For this exercise, return only the lines in the records below from the one holding "Collants de mulher" through the one holding "Аккумуляторная дрель-шуруповерт ИНТЕРСКОЛ", including both, exactly as they appear and without pictures.

Data listing:
==================================================
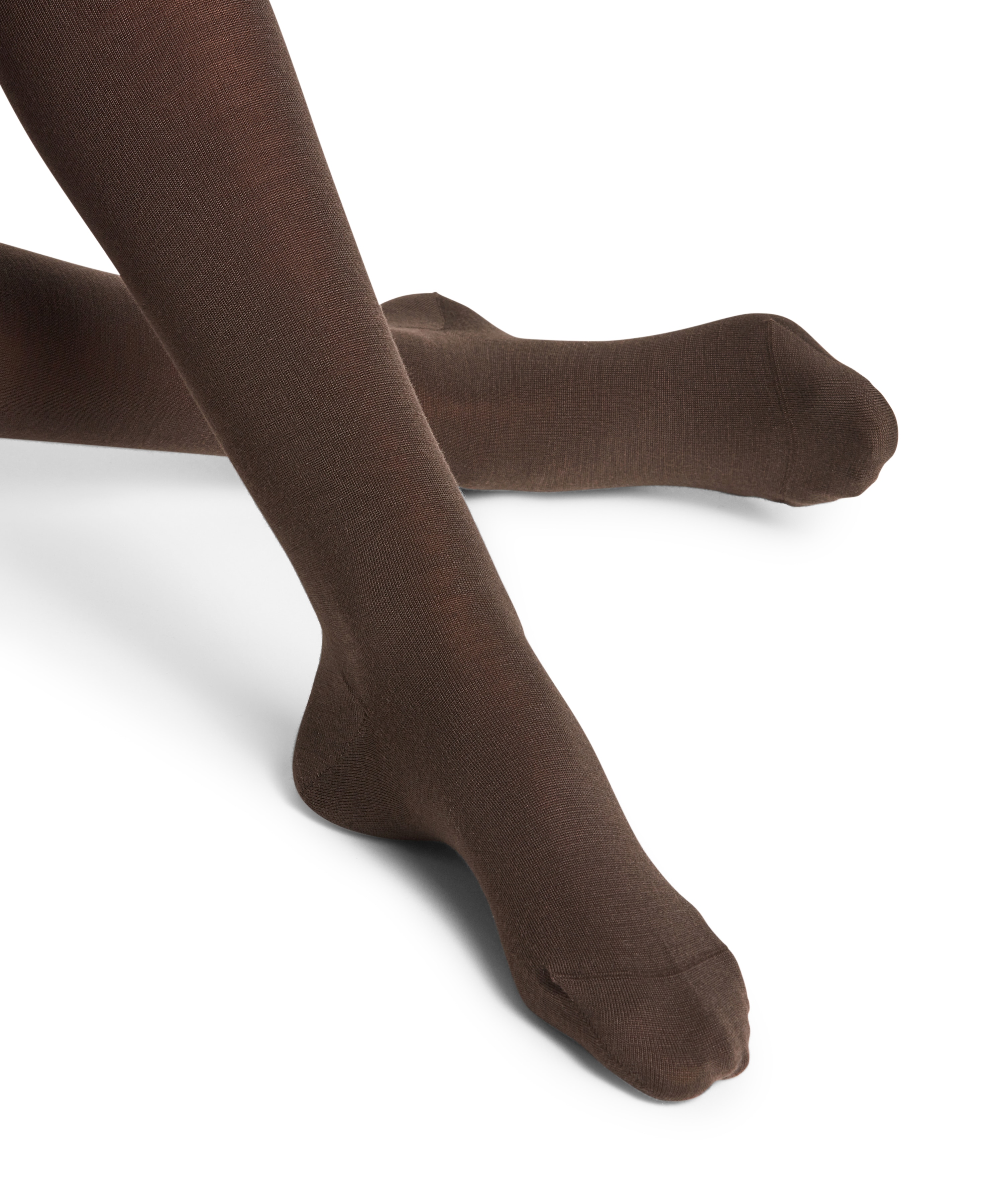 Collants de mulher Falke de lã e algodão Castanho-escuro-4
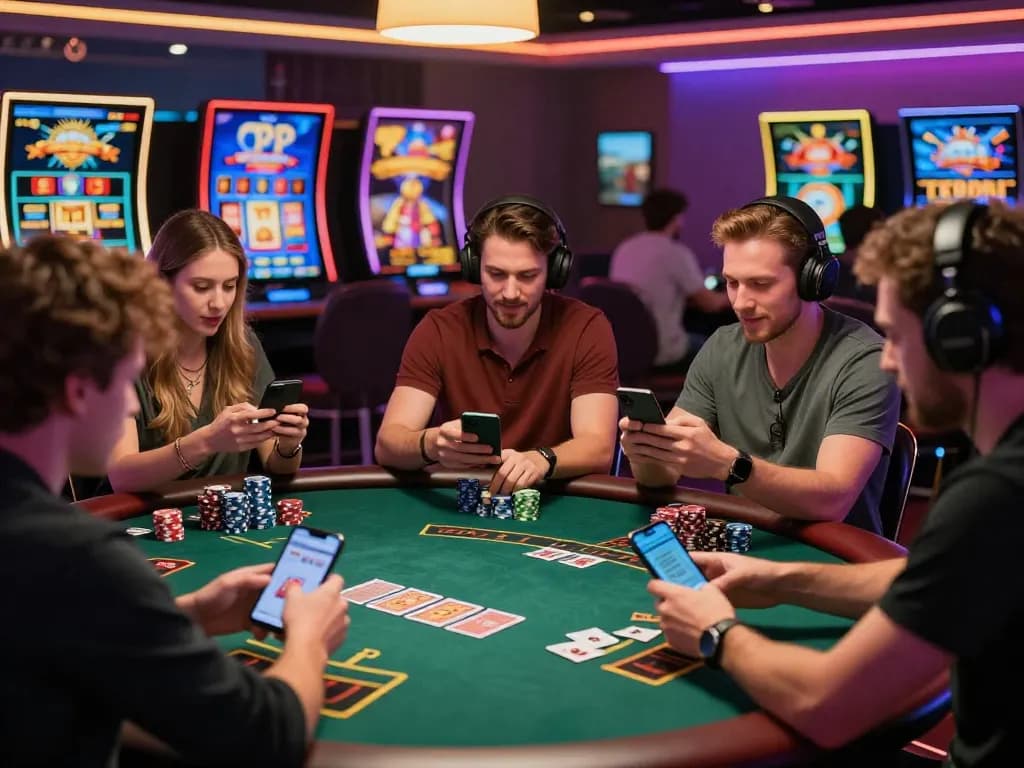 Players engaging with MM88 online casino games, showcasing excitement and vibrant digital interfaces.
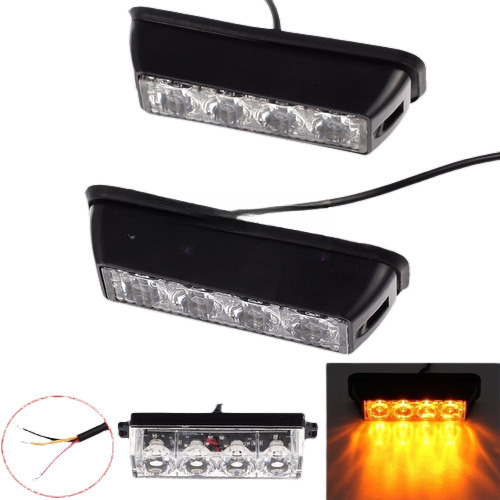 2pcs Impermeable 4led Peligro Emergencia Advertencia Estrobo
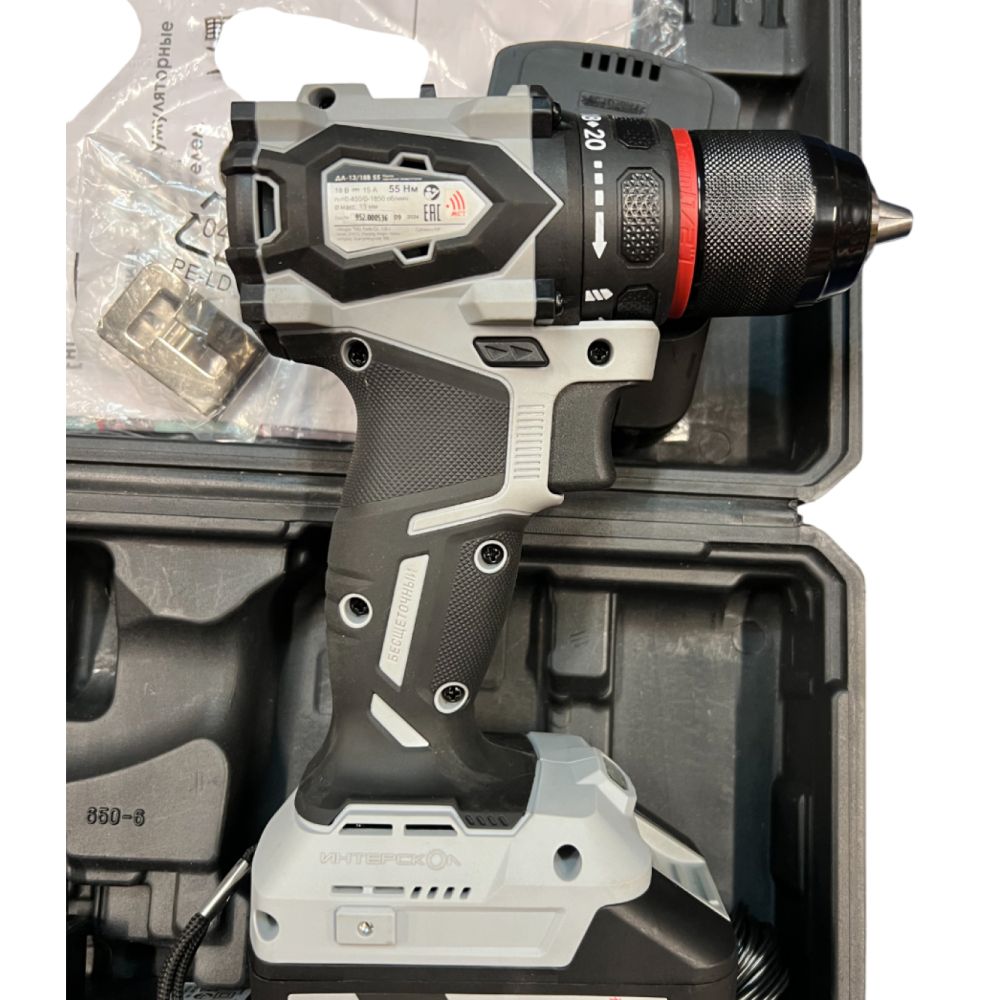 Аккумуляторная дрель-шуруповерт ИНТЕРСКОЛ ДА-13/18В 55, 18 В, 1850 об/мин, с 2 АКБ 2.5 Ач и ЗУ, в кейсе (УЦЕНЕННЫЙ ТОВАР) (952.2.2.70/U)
==================================================
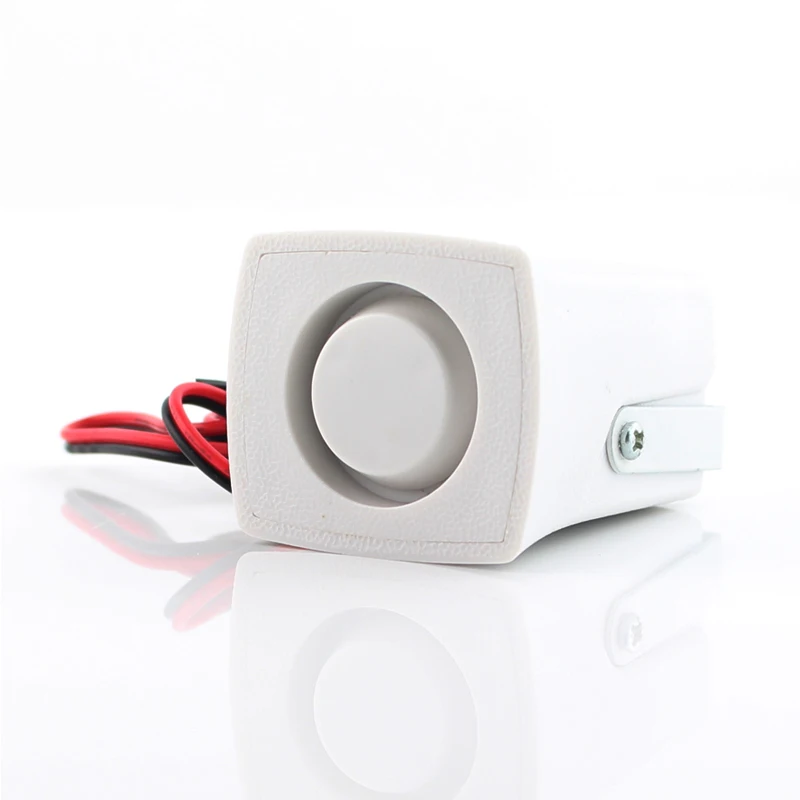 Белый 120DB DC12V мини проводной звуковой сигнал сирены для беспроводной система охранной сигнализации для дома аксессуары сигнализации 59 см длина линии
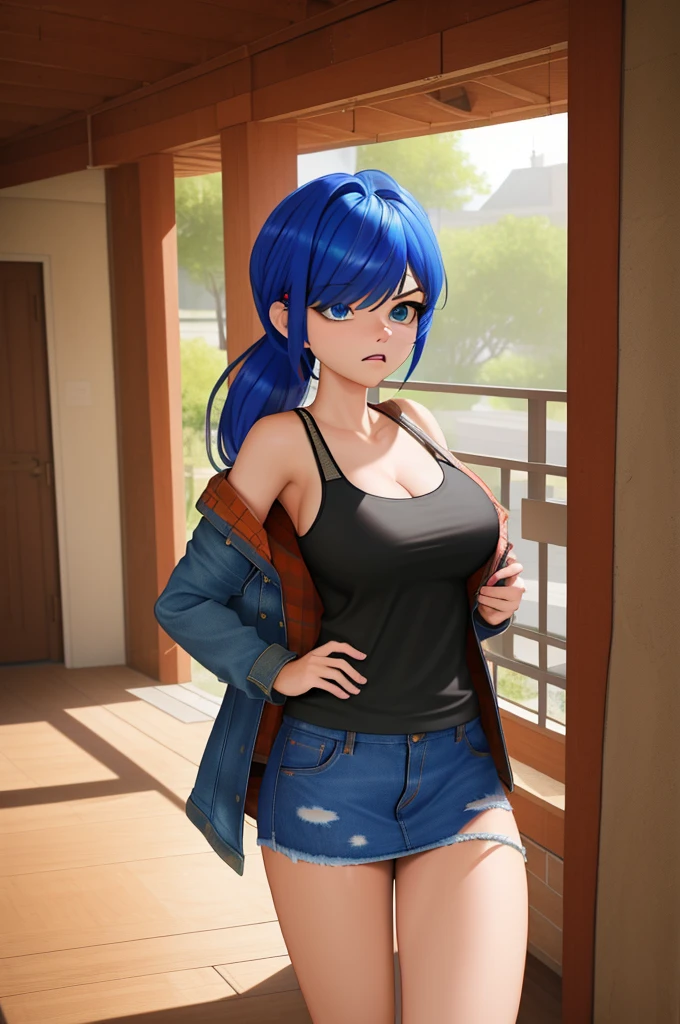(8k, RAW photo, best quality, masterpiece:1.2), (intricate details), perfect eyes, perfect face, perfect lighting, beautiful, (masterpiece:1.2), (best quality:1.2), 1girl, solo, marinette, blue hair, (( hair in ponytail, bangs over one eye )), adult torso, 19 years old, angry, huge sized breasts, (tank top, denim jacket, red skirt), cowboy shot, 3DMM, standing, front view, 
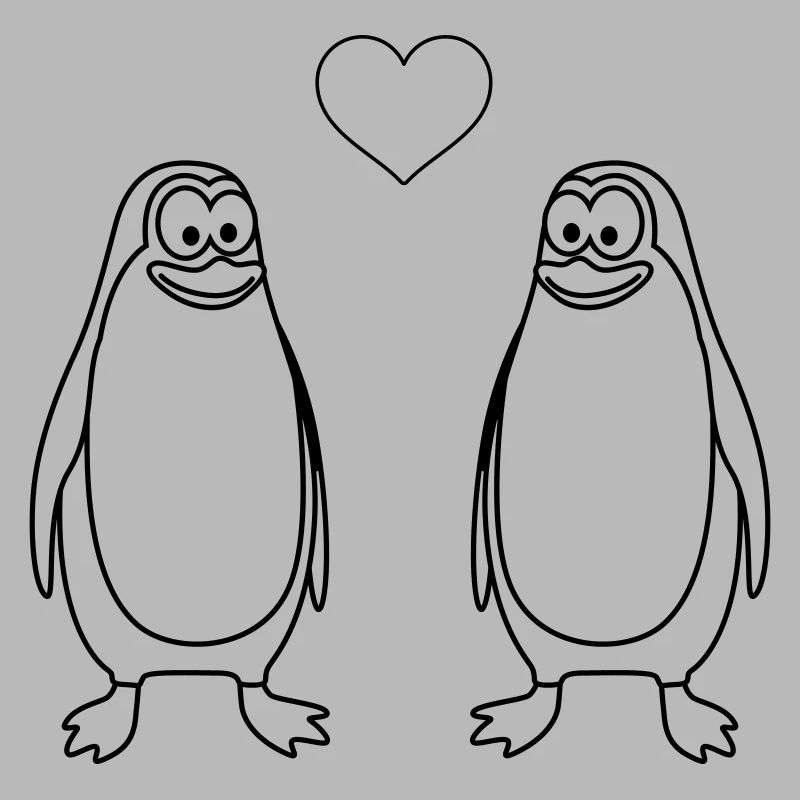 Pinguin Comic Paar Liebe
==================================================
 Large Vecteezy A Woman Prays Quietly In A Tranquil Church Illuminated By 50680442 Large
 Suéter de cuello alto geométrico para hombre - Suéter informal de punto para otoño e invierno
==================================================
Result of this exercise:
 Collants de mulher Falke de lã e algodão Castanho-escuro-4
 Players engaging with MM88 online casino games, showcasing excitement and vibrant digital interfaces.
 2pcs Impermeable 4led Peligro Emergencia Advertencia Estrobo
 Аккумуляторная дрель-шуруповерт ИНТЕРСКОЛ ДА-13/18В 55, 18 В, 1850 об/мин, с 2 АКБ 2.5 Ач и ЗУ, в кейсе (УЦЕНЕННЫЙ ТОВАР) (952.2.2.70/U)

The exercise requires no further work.